Auto-scaling triggers for VDBs
Auto-scaling adds or removes compute (and sometimes storage) capacity based on metrics so that the vector database can handle traffic spikes without over-provisioning. Triggers are the rules or thresholds that decide when to scale up or down.
Summary
- Triggers decide when to scale: e.g. CPU, memory, QPS, latency (p95/p99), queue depth, or for indexing: job backlog / segment count.
- Scale-down needs tuning to avoid flapping: cooldowns, minimum cluster size, hysteresis (different thresholds for scale-up vs. scale-down).
- In compute-storage separated designs, query nodes scale independently; in sharded setups, scaling may mean more shards/replicas and rebalancing. Often integrated with Kubernetes HPA or cloud auto-scaling groups. Pipeline: metrics exceed threshold, scale policy triggers, add/remove nodes. Practical tip: use hysteresis (scale up at 70% CPU, scale down at 40%) to avoid flapping.
Common scale-up triggers
CPU utilization—scale out when average CPU exceeds a threshold (e.g. 70%). Memory—scale when memory pressure is high, especially for in-memory indexes. QPS / request rate—scale when queries per second exceed a target. Latency—scale when p99 or p95 latency degrades. Queue depth—scale when too many requests are waiting. For batch or indexing workloads, scale based on job backlog or segment count.
Scale-down and integration
Scale-down triggers (remove nodes when load drops) help control cost but must be tuned to avoid flapping: use cooldown periods, minimum cluster size, and hysteresis (different thresholds for scale-up vs. scale-down). In compute-storage separated designs, query nodes can scale independently; in traditional sharded setups, scaling may mean adding shards or replicas and rebalancing. Integration with Kubernetes HPA or cloud auto-scaling groups is common. Pipeline: metrics (CPU, QPS, latency) exceed threshold, scale policy triggers, add or remove nodes. Practical tip: use hysteresis (e.g. scale up at 70% CPU, scale down at 40%) to avoid flapping.

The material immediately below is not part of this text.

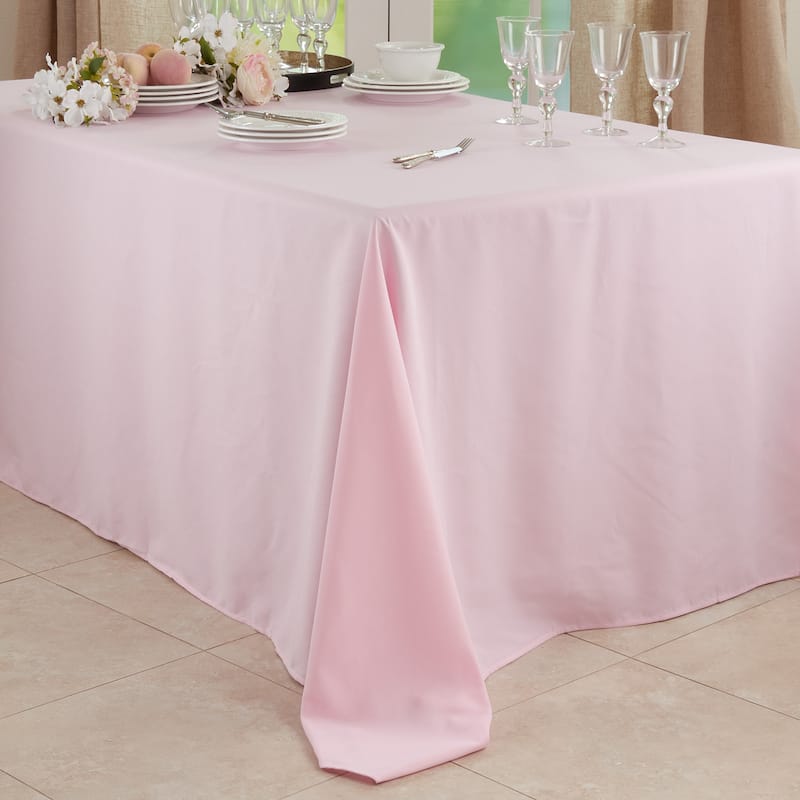 Everyday Design Solid Color Tablecloth - Pink - 90"x132"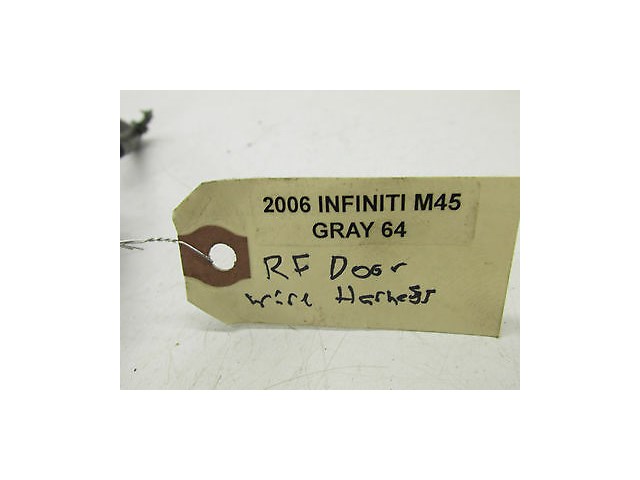 2006-2009 INFINITI M45 M35 OEM RIGHT FRONT PASSENGER SIDE DOOR WIRING HARNESS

Frequently Asked Questions
What metrics should I use to trigger scale-up?
Common choices: CPU and memory utilization, QPS vs. target, p95/p99 latency, and queue depth. For indexing, use job backlog or segment count. Pick metrics that match your SLOs.
Why does scale-down need different tuning?
If scale-down uses the same threshold as scale-up, the cluster can “flap”—scale down, then immediately scale up again when load fluctuates. Use hysteresis (e.g. scale up at 70% CPU, scale down at 40%), cooldowns, and a minimum size to avoid thrashing.
Can query and indexing capacity scale separately?
In compute-storage separated architectures, yes: query nodes and indexing workers can have separate auto-scaling policies. In a single-node or tightly coupled sharded design, scaling often adds full nodes (query + index).
How do I integrate VDB auto-scaling with Kubernetes?
Use Kubernetes Horizontal Pod Autoscaler (HPA) or custom controllers that watch VDB metrics (or a metrics exporter) and scale the number of query/indexing pods. Set resource requests/limits and HPA min/max replicas to match your triggers.